* _Records shown_:

+--

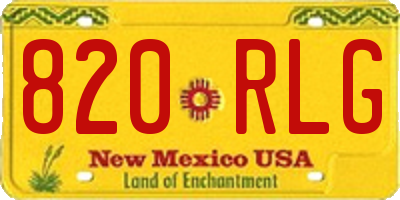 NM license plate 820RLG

+--

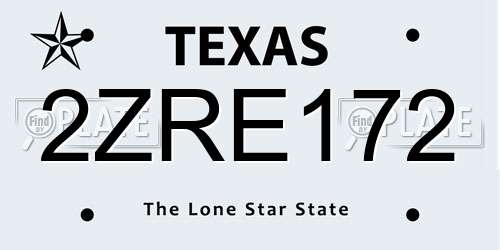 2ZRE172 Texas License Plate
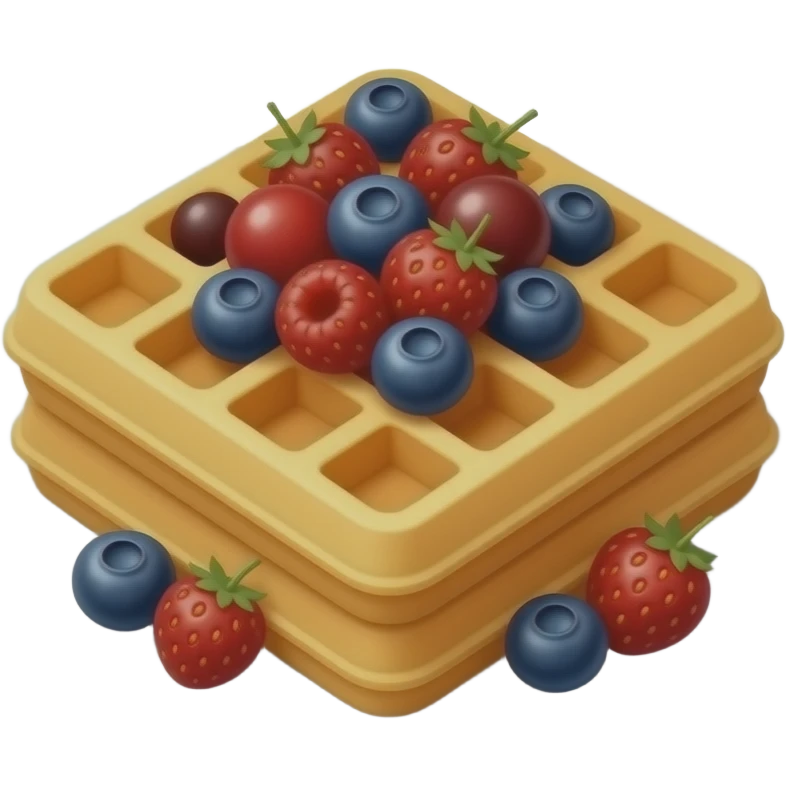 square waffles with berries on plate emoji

+--

* _Exercise directions_:
Reproduce, word for word, only the lines in the records above from the line with "2ZRE172 Texas License Plate" through the line with "square waffles with berries on plate emoji", including both ends; omit the pictures.

* _Task answer_:
 2ZRE172 Texas License Plate
 square waffles with berries on plate emoji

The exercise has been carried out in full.